Une autre affaire agitait fort la noblesse. M. de la Trémoille avait entrepris la réformation de ses seigneuries de Vitré et Montfort : ces réformations étaient la ruine des vassaux dont les titres étaient rarement au complet et qui, si même ils étaient en règle, se trouvaient engagés à des frais considérables. Aussi, craignant l'indulgence du Parlement de- Bretagne, M. de la Trémoille demanda des lettres évoquant l'affaire au Conseil, et le gouvernement, enchanté d'être désagréable au grand corps judiciaire dont il avait à se plaindre, s'empressa de les lui accorder. L'exaspération fut grande. « Il y a même eu, écrit M. de Brou le 26 décembre, des avis tendant à exclure M. de la Trémoille de la présidence aux Etats, en disant que puisqu'il renonçoit à la province, il falloit que la province renonçat à lui. Ce sentiment n'a pas été suivi et même n'a été proposé que par 15 ou 20 gentilshommes plus échauffés que les autres, mais il a été nommé une commission pour examiner cet arrêt ».

Les correspondances officielles, tout en dénonçant à chaque instant « le ton de difficulté et de contrariété auquel les Etats étoient montés et qui n'avoit jamais eu de pareil » se plaignant que « non seulement il ne se propose rien qui ne soit contesté, mais que plusieurs particuliers forment tous les jours des monstres pour les combattre sur des affaires dont il n'est point question, » (d'Estrées, 11 janvier), reconnaissent cependant « qu'avec de la patience on les ramène à la raison », et finissent toujours par avouer que « l'affaire n'a point souffert autant de difficulté que nous le craignions ». Les deux épisodes les plus vifs (l'exclusion du gentilhomme qui avait manqué à M. de Béthune, et un duel pour une question de préséance qui amena mort d'homme), ne sont même pas relatés dans les lettres officielles, ce qui porte à croire que ces querelles ne touchaient point à la politique.

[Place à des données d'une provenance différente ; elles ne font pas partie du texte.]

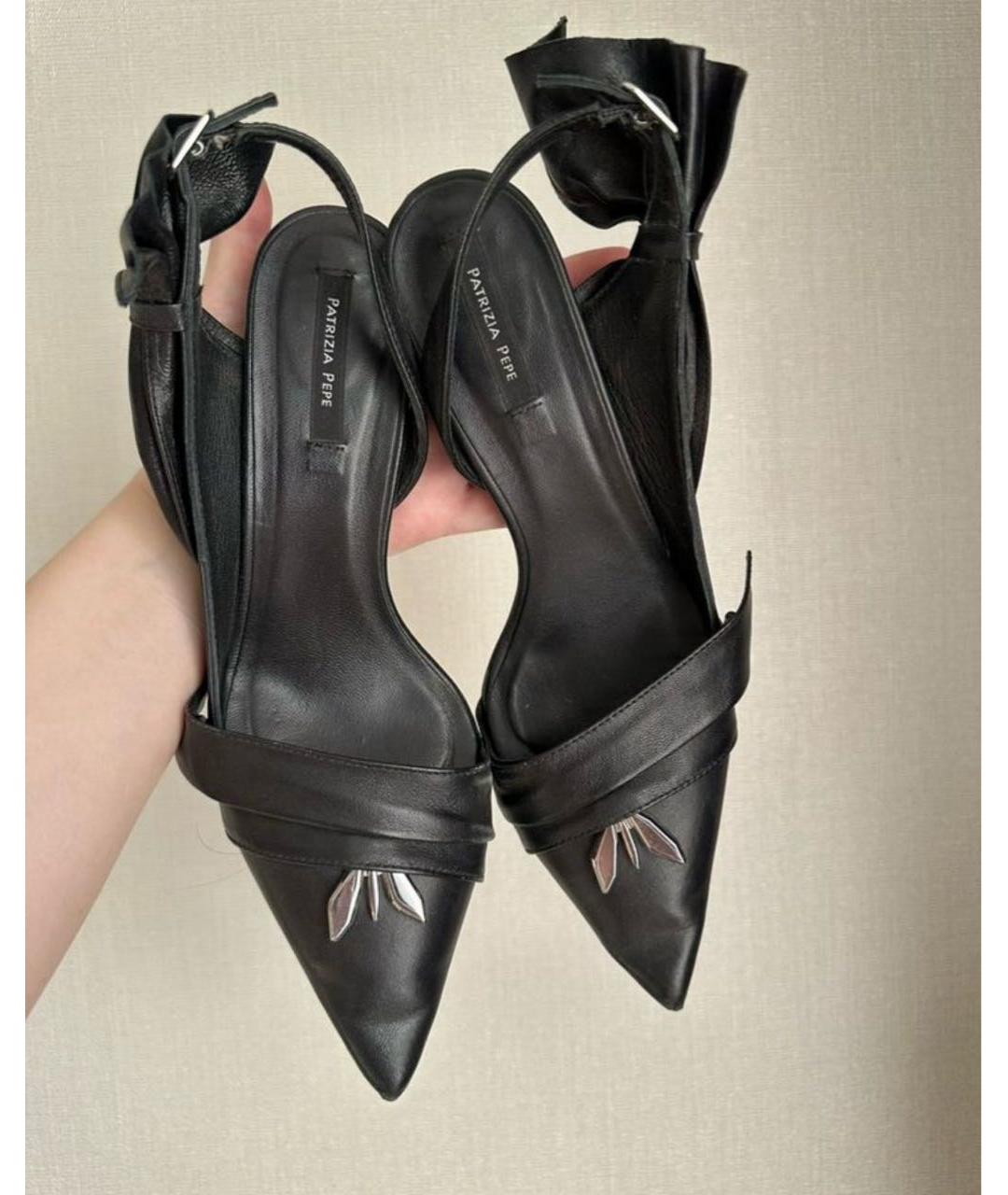 PATRIZIA PEPE Черные кожаные туфли, фото 2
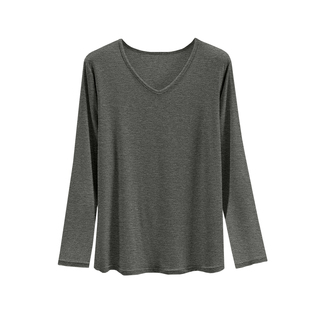 莫代尔长袖打底衫女春秋内搭V领修身洋气百搭鸡心领上衣2026新款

L'affaire des droits dont le gouvernement voulait le rétablissement ou l'abonnement était cependant un gros morceau qu'il semblait difficile de faire avaler sans protestations aux Etats.

Rétablir par deux arrêts du Conseil dans lesquels les Etats n'étaient point nommés et qu'on ne leur avait point fait signifier, des droits aliénés par le roi à leur profit, anéantir de la sorte des aliénations confirmées par des déclarations du roi et par les contrats passés entre les Etats et ses commissaires, cela ne pouvait sembler aux Bretons un procédé équitable. L'évêque de Nantes n'était pas sans inquiétude. « Le Tiers, écrivait-il le 29 décembre, qui connoit les vrais intérêts des peuples, portera à l'abonnement, il sera rejeté par la noblesse, laquelle agit assez souvent et sans principes et sans lumières. Je ne sais que penser du parti que prendra l'Eglise, je suis sûr de cinq des évêques et des abbés, mais il y a un évêque dont je ne suis pas sûr, et peut-être formera-t-il une cabale parmi les bas Bretons qui fera échouer notre abonnement ». Or, sans l'abonnement, les évêques de Basse-Bretagne étaient convaincus que le roi ne pourrait faire de levées dans leurs diocèses qu'avec des troupes. M. de Trossan, malgré toute son habileté, n'était pas pleinement rassuré. « Ne croyez pas, écrivait-il, qu'ils ne me rendent quelque sorte de justice ici, ils conviennent que je sais mieux leurs affaires qu'eux-mêmes, ils conviennent que jamais personne ne les a servis plus utilement ni avec plus de zèle que je l'ai fait ; mais au milieu de tout cela ils sont persuadés (et ils ont raison de le croire), que mon attachement pour S. A. R. prévaut sur tout. Je les trouve en garde contre moi, et je ne les force à venir de mon avis qu'en les caressant, qu'en leur faisant des politesses, qu'en leur parlant ferme et les grondant quelquefois ».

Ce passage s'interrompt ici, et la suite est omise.